Tris debutta in Italia
La novità di maggiore richiamo allo stand Stellantis è stata il debutto italiano del Fiat Tris, nuovo veicolo elettrico pensato per la logistica urbana e le consegne dell’ultimo miglio. Disponibile nelle configurazioni Pick Up e Cargobox, il modello è stato sviluppato dal Centro Stile Fiat in Italia e punta su 90 km di autonomia, oltre 350 kg di portata utile e una superficie di carico di 2,25 mq, sufficiente a ospitare un europallet standard. A completare il quadro c’è l’integrazione con il programma Stellantis CustomFit, che amplia le possibilità di configurazione in base alle esigenze operative.

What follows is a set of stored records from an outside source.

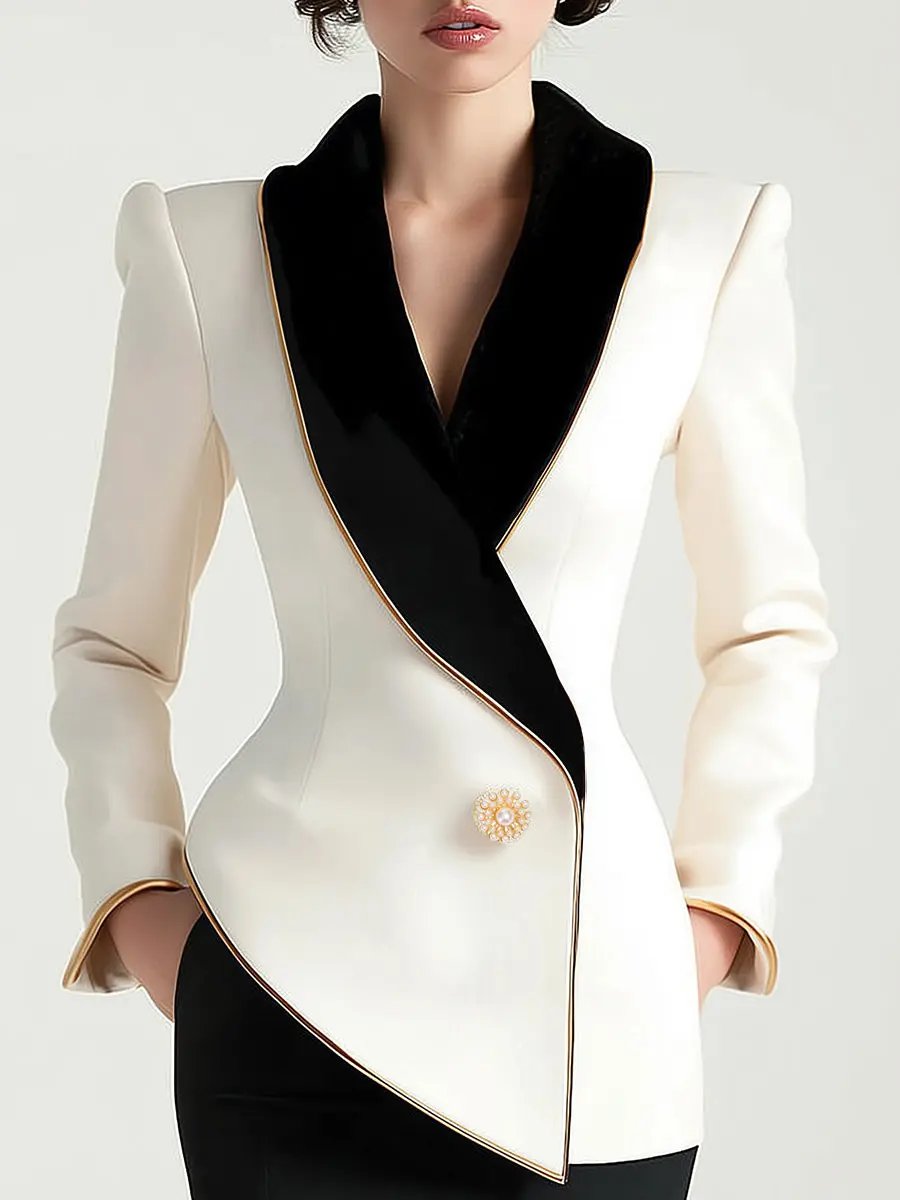 Elegant Asymmetrical White Blazer with Black Contrast Lapels MollyBoo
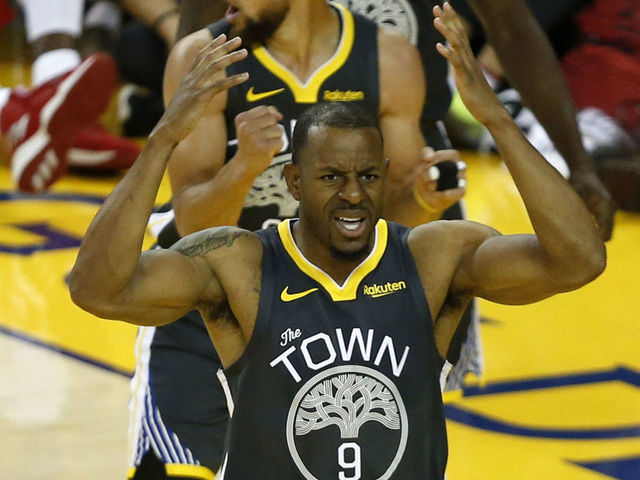 OAKLAND, CALIFORNIA - JUNE 13: Andre Iguodala #9 of the Golden State Warriors reacts against the Toronto Raptors in the second half during Game Six of the 2019 NBA Finals at ORACLE Arena on June 13, 2019 in Oakland, California.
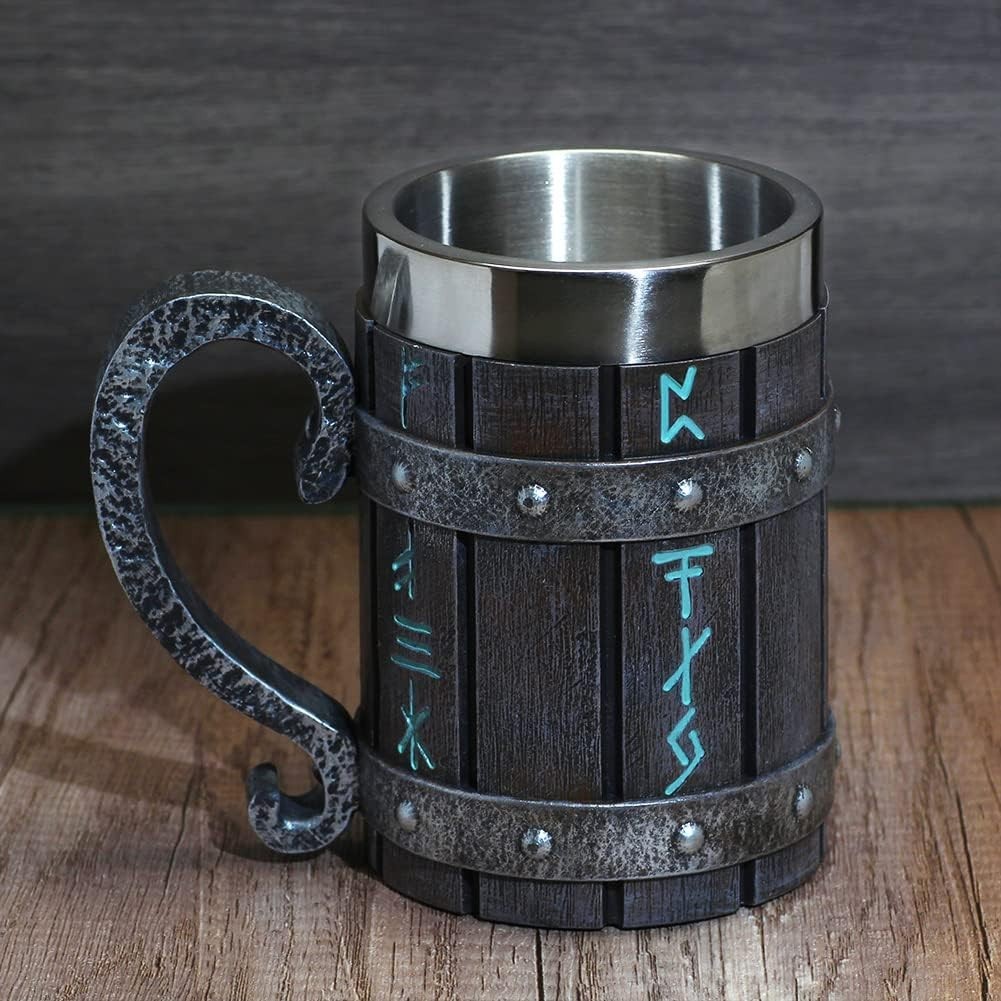 Unique Viking Rune Mug – 13oz Retro Wooden and Stainless Steel Beer Tankard Gift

Il business degli allestimenti
Al Transpotec Stellantis ha esibito anche una selezione di veicoli sviluppati proprio nell’ambito del programma CustomFit, che consente conversioni realizzate direttamente in fabbrica oppure attraverso una rete globale di oltre 600 partner autorizzati, mantenendo standard uniformi di qualità e garanzia.

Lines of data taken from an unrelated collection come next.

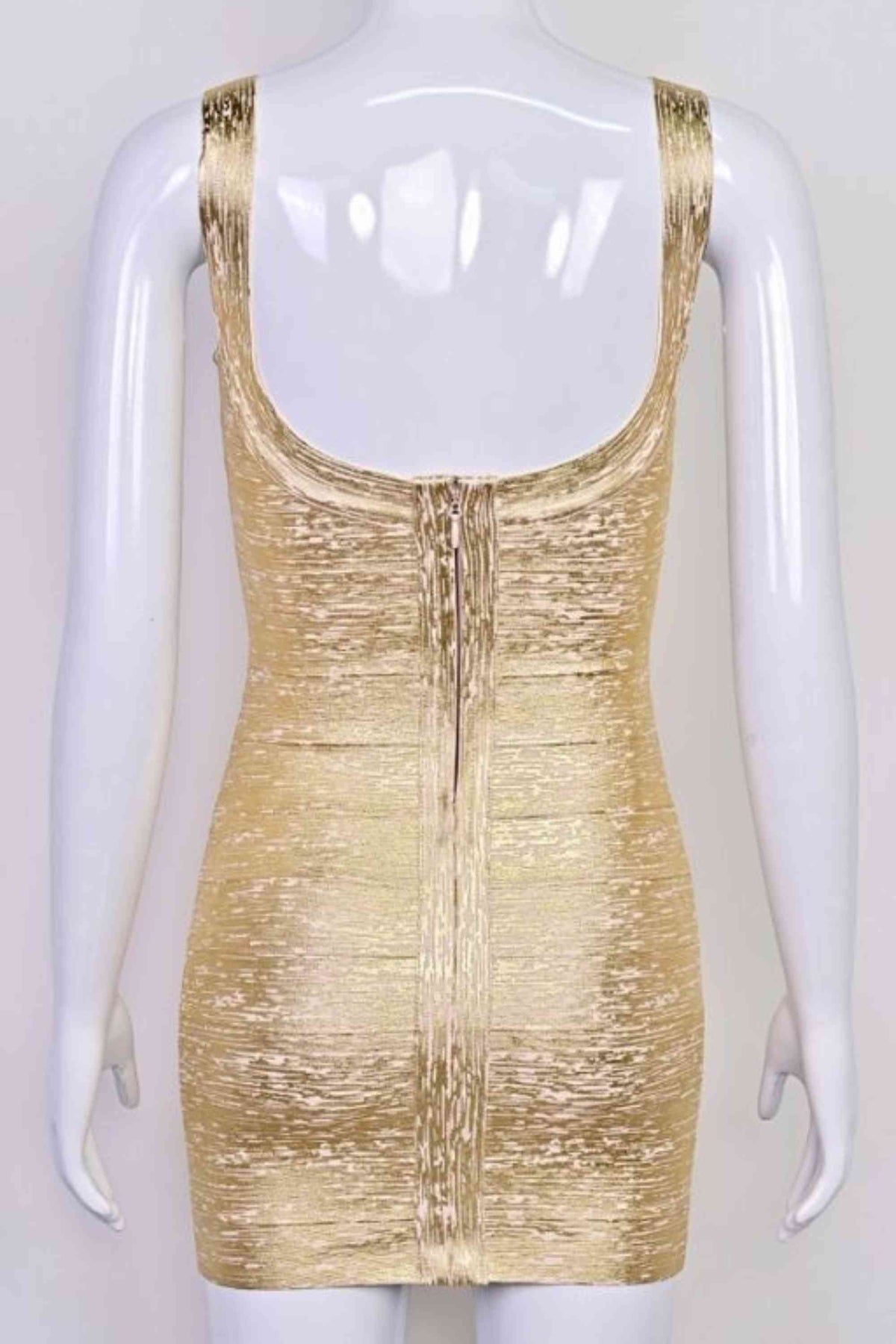 Woman wearing a figure flattering Cindy Bandage Mini Dress - Gold BODYCON COLLECTION Pty Ltd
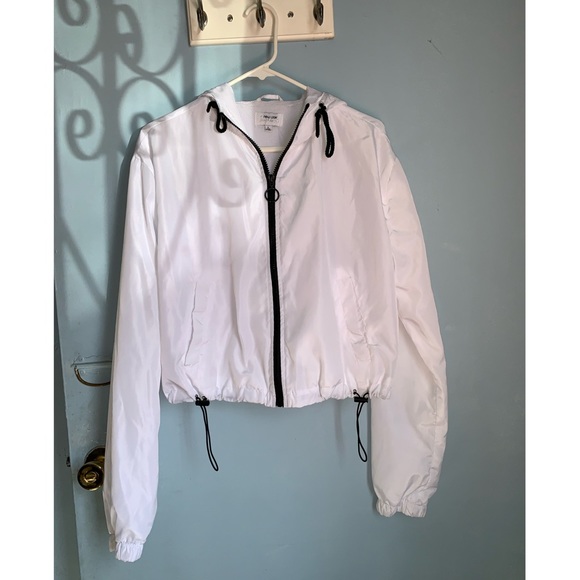 New Look Sweaters - New Look Supreme White Hooded Windbreaker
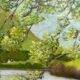Oil painting on canvas, landscape of the Seine, 75x56cm.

In esposizione figuravano un Peugeot E-Expert elettrico con doppio fondo e scaffalatura, un Opel Movano L2H2 con box GRUAU, un Fiat Doblò Crew Cab con paratia mobile e un Citroën Berlingo da 100 cavalli con motore endotermico e configurazione con doppio fondo e scaffalatura.

L’accordo con Dongfeng
A Milano Stellantis ha poi annunciato l’intenzione di creare una nuova joint venture europea con la cinese Dongfeng dedicata ai veicoli a nuova energia, con Stellantis in posizione di controllo al 51% e Dongfeng al 49%. La nuova società dovrebbe gestire vendite, distribuzione, produzione, acquisti e attività di ingegneria, con un focus iniziale sui modelli premium Dongfeng a marchio Voyah destinati a mercati europei selezionati. L’operazione consentirebbe a Stellantis di sfruttare la propria rete commerciale e post-vendita, accedendo contemporaneamente all’ecosistema industriale cinese dell’elettrificazione NEV, oggi tra i più avanzati per velocità di sviluppo e competitività di costo.
Tra gli aspetti più rilevanti del progetto c’è la possibilità di produrre i futuri modelli Dongfeng nello stabilimento Stellantis di Rennes, in Francia, rispettando i criteri industriali europei e le esigenze normative legate al Made in Europe.
Il rapporto con Dongfeng, del resto, è tutt’altro che nuovo. La partnership tra i due gruppi dura da 34 anni e ha già prodotto risultati significativi. All’inizio del mese era stato infatti annunciato anche il rafforzamento della joint venture cinese DPCA, che dal 2027 assemblerà a Wuhan nuovi modelli Peugeot e Jeep elettrificati destinati sia al mercato domestico sia all’export. Dalla sua nascita, DPCA ha già prodotto oltre 6,5 milioni di veicoli Peugeot e Citroën.